Elegant but informal, endlessly quirky and unpredictable, always satisfying, it is cabaret offering a mix of offbeat and amusing songs in its first half and a more varied selection of music, both comedic and commercial, in the second.
A writer, director, composer, brilliant pianist and beguiling singer with a quick wit and oodles of charisma, Johnson has a knack for rearranging songs in a way that infuses them with freshness while accentuating lyrics, some of which he changes for fun.
In Unhinged, while showcasing deft keyboard skills, Johnson yo-yos between aching poignancy and things camp and quirky, seated at a black piano, against a simple backdrop of black curtaining, on a gently lit stage.

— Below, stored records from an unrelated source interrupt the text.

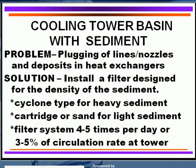It's usually the density of the sediment that matters. If it's very heavy sediment like sand or corrosion products, then a cyclone-type filter is an excellent one to utilize. If you have light sedimentation — like biological or oily materials — then the cyclone won't be able to take that out. You need a cartridge or a sand-type filter for that.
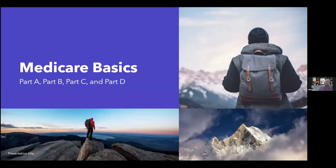So let's start with Medicare basics. There's Part A, Part B, Part C, and Part D.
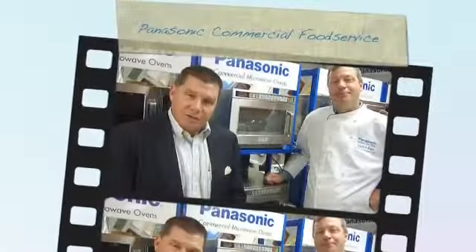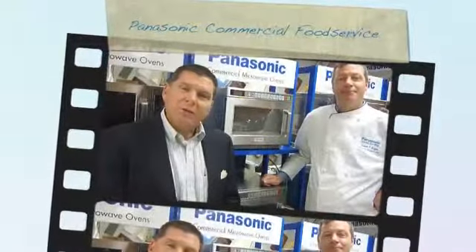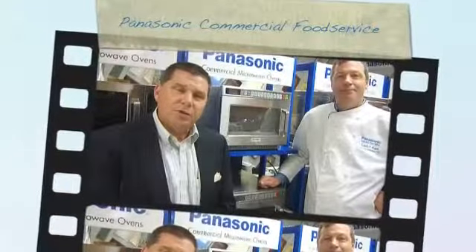Hello, welcome to the Panasonic Test Kitchen. I'm Stephen Storer. I'm the National Accounts Manager for Panasonic Commercial Food Service. And I'm Ken McGar. I head up the Research and Development Test Kitchens with Panasonic. Thanks for visiting with us today.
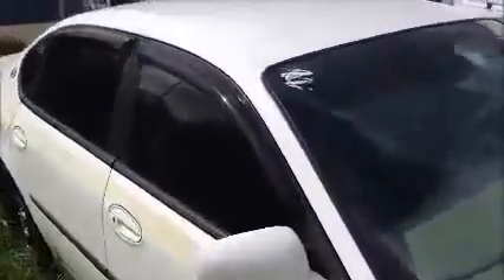This is a Chevy Impala. As you see, it starts up. This is an ex-police car, as you can see from all the stickers. But it only has one hole in the roof for the antenna.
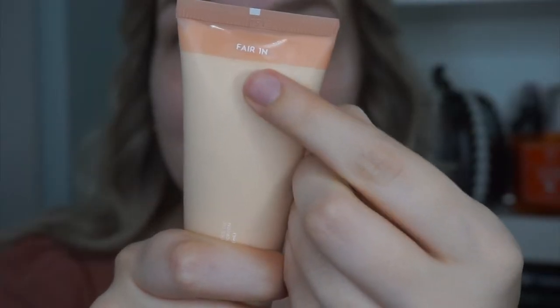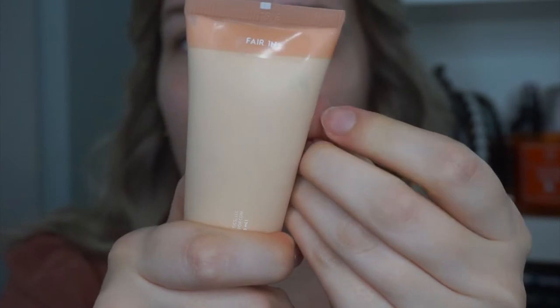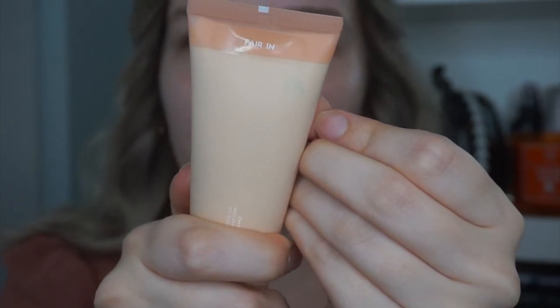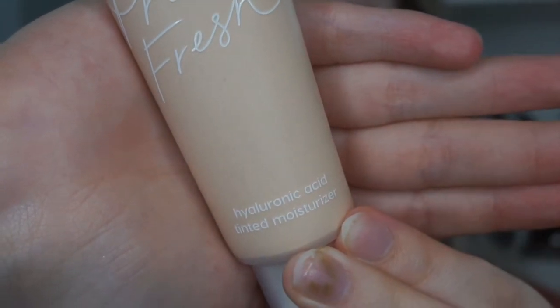I do appreciate the packaging. The pump on the primer and the glass-style bottle are really nice. I like the primer packaging better than the tinted moisturizer's, though. The tinted moisturizer bottle is cute, but the material is such that where there are gaps in the product it looks almost dirty and spotty. I tried wiping it away before I realized it was just gaps in the product.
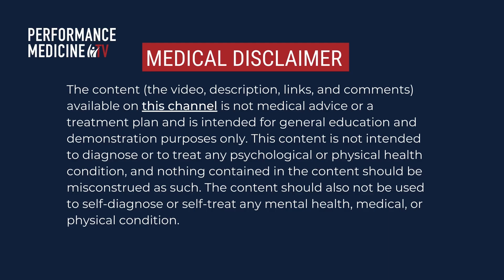Hey guys, just a reminder, this is not official medical advice. Please seek an appointment with a licensed medical provider. Hi, this is Dr. Tom Rogers at Performance Medicine coming to you with the weekly Common Sense MD.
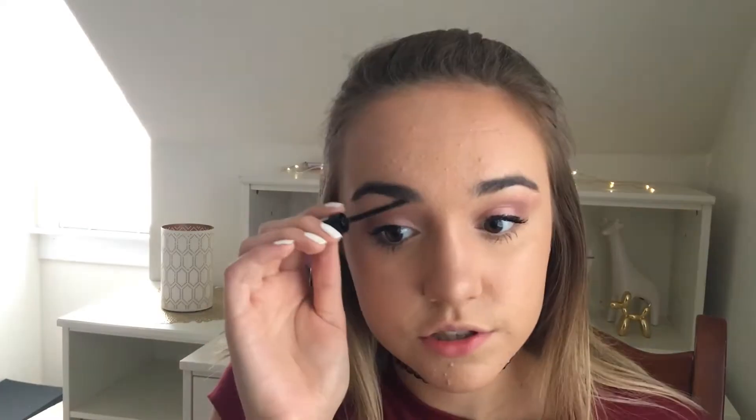For brows, I've been completely obsessed with the Essence Make Me Brow, which has little fibers in it — it's basically a cheaper version of the Benefit Gimme Brow. I'm sweeping it through my brow. I like it because it adds something to my brows after foundation has lightened them up.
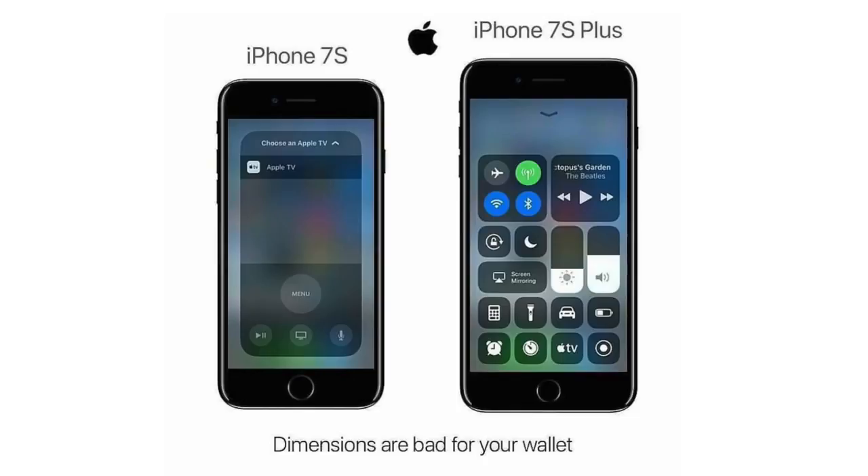Apple is still using the iPhone 8 and 8 Plus names, and they will replace the previously rumored iPhone 7S and 7S Plus names for the two LCD models.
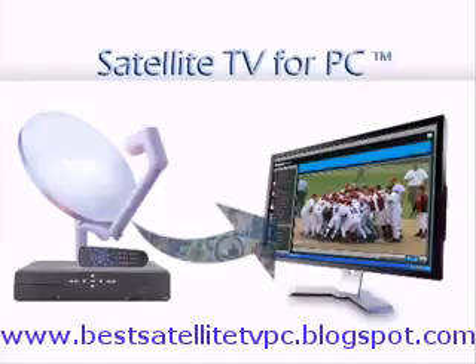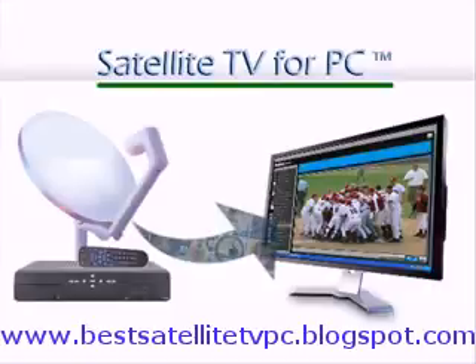And furthermore, you don't need anything but the software and an internet connection. It's not like the real cable companies that rip your wallet apart just buying the hardware needed to watch cable TV on your normal television.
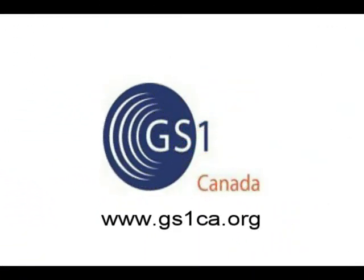For more information about GS1 DataBar, contact GS1 Canada or your local GS1 member organization.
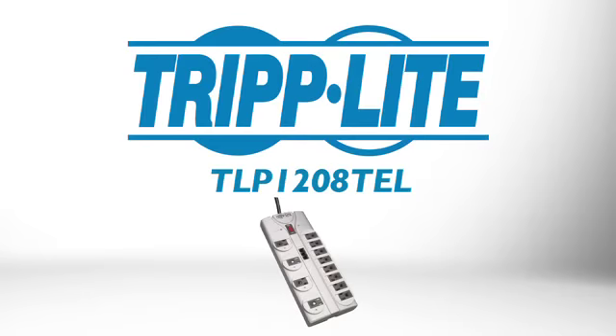If you want a cost-effective, state-of-the-art surge suppressor with UL verified protection, order Tripplite's TLP-1208-TEL.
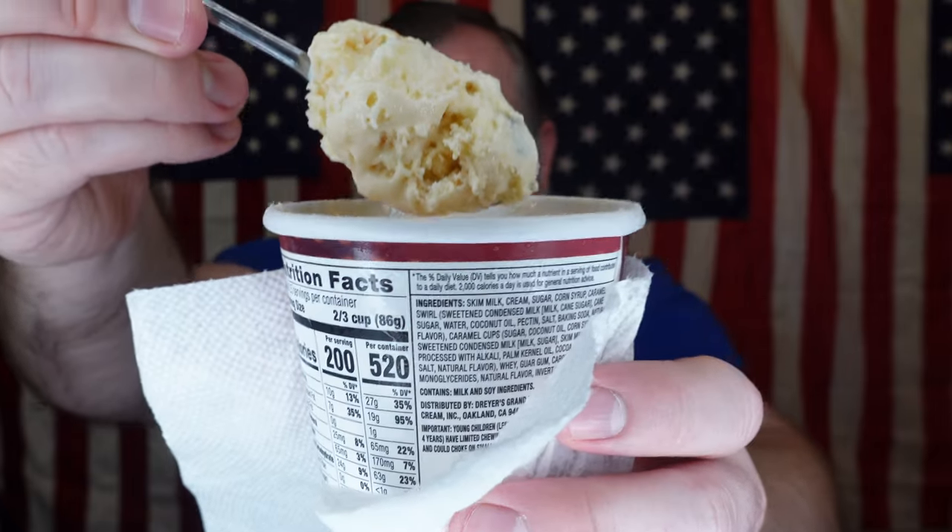These Rolo pieces really are through it. I do wish I had more caramel — I kind of feel like that would put it over the top. I'm kind of lacking that caramel flavor I'm looking for.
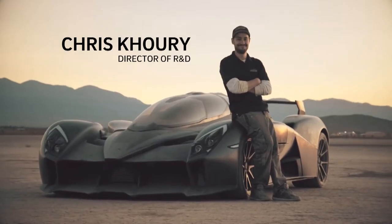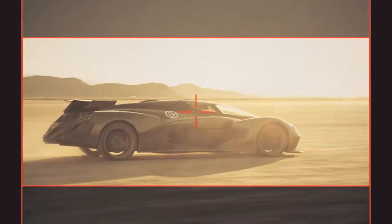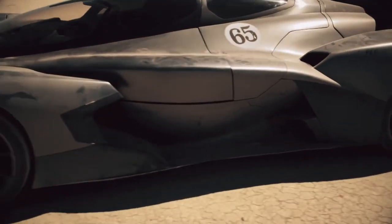People would look at this car and never think it's electric, but it is, and it's fast. We wanted to build the most extreme electric car. We decided to go with the tandem-seater for the jet fighter look. Part of it was an aerodynamic endeavor, reducing the frontal area by having a narrower canopy.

His show opens with a jaunty rendition of the usually plaintive Can’t Help Lovin’ Dat Man, from Showboat, then careers into clever camp with Tom Lehrer’s amusing Masochism Tango and the equally tongue in cheek My Shattered Illusions.
In the first half you will also come across a bit of acting – Johnson as enigmatic concerned citizen, Nugent Stein, who forever tries to find a woman who dumped him, one Cheryl, who now likes to go as Cherelle.
This seques into a series of fun songs, one highlighting a meeting with The Pope, another discussing 21st century blues. We also get the loopy I’m Not Gonna Sing That Song, in which we get brief snippets from Someone Like You, I Dreamed a Dream, YMCA and All That Jazz.
The fun makes way for the slower, haunting, poetic Leonard Cohen classic, Famous Blue Raincoat, before we go into a song about the marriage of feminine and masculine, and an amusing I Love Paris.
Johnson views the second half as more of a ‘karaoke request’ session – asking audience members to shout out requests which he may or may not play. I got to hear one of my requests – Brel’s Port of Amsterdam – but would have loved to have heard Johnson’s slow interpretation of Prince’s When Doves Cry again, as he performs it brilliantly.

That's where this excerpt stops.